Bass Model for Demand Prediction

category_specifier : "Marketing Analytics"

Reference Docs: Linear Regression and Coefficient

Motivation

Bass_model

(Image source: Wikipedia)

Demand over time (new adopted users) usually Increase → Peak → decrease (since number of population is limited)
How can we estimate market demand of product, with given data?
Objective: Assessing future demand, when will it peak and fall.

Framework

Settings

\[ M: \text{Market Size} \]

\[ N(t): \text{Number of new customers at time t} \]

\[ A(t) = \sum_{i=1}^{t-1}N(i): \text{Accumulative `already customers' prior to time t } \]

\[ R(T) = M - A(t): \text{Remaining customers at t} \]

\[ p : \text{Coefficient of innovation} \]

\[ q: \text{Coefficient of imitation} \]

Bass model is motivated by 'Hazard Rate'

Hazard rate: Probability of event occurring ‘given that’ the event not already occurred: $$ H(t) = \frac{N(t)}{R(t)}$$, where $$
In marketing context: Probability of becoming a customer, given that they are not customer yet.
Bass model assume this is equal to: $$H(t) = p + q \frac{A(t)}{M} $$
Interpretation : Innovation (customers make decision to use new product by themselves) + imitation (Imitate others' activity as product spread out) * ratio of already customers in the market.

Further Formulation

\[ H(t) = \frac{N(t)}{R(t)}= p + q \frac{A(t)}{M} \]

Here, we can drive:

\[ N(t) = H(t) \times R(t) \\ = [p + q \frac{A(t)}{M}] \times R(t) \\ = Mp + (q-p)A(t) - \frac{q}{M}[A(t)]^2 \]

When we know p, q, M, we can predict the demand curve

In this model, if we know variables $M, p, q$:
$A(1) = 0, R(1) = M$ → Get the Initial value at time $t$
Get $H(t) = p + q \frac{A(t)}{M}$
Get $N(t) = H(t) * R(t)$
- $N(1) = H(1) * R(1)$
Get $A(t+1)$
- Iterate over time series $t$ to get future demand curve: $A(2) = N(1) + A(1) = N(1)...$

Takeaways

p_q_curve

Interpretation of the curve

Usually, $p < q$ (imitation effect is larger)
Most people are reluctant to adopt new things. They want validation until others buy, and test products. (conservative)
There are 2 exceptional categories on this:
Value itself is evident (e.g. : Electricity over traditional lights)
Risk itself is so small (low cost): App download.
Most common shape of the curve : Increase → Peak → Decrease

More about $p, q$

$p$ effects on earlier phase, $q$ effects on later phase.
Larger p: Peak of the curve become earlier (faster)
Larger q: Reach to the peak faster (slope) and peak be higher
They both impact slope (Speed of adoption)
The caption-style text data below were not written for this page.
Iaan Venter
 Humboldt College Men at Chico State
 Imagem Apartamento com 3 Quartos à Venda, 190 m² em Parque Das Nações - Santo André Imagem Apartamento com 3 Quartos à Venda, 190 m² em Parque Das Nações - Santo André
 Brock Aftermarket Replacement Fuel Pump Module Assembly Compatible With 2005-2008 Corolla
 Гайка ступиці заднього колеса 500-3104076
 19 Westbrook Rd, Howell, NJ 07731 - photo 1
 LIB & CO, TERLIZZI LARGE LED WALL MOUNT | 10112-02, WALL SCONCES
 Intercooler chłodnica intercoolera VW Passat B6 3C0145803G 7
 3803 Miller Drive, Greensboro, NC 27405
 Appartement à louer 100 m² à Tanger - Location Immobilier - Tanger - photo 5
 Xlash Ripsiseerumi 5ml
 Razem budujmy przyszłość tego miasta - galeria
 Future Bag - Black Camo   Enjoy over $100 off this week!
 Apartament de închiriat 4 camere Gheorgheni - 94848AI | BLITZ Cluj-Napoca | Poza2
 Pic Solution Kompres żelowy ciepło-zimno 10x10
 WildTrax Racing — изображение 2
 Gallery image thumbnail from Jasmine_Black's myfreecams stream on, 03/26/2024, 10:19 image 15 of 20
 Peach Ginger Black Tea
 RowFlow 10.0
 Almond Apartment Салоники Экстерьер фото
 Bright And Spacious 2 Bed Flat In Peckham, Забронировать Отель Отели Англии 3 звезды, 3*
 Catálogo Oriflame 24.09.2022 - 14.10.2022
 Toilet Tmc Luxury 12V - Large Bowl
4 Main utilization of the curve for marketing decisions

How ‘high’ the curve peak will be
How ‘shallow’ the curve is (Derivative. How fast growing it is)
If curve is predicted to be shallow, outsourcing will be more effective.
If the product is in Earlier / Later part of the curve (Innovator VS Imitators)
If the curve is in early stage, target innovators. If not, target imitators.
When will the curve end. (Prepare for the next generation product)

→ Decisions should be mostly made based on $R$ (potential customers in market), not $M$ (entire population in the market.)

How to estimate values of $p, q, M$

In bass model, p, q, M are unknown, and we need to predict those values

\[ N(t) = Mp + (q-p) * A(t) - \frac{q}{M}[A(t)]^2 \]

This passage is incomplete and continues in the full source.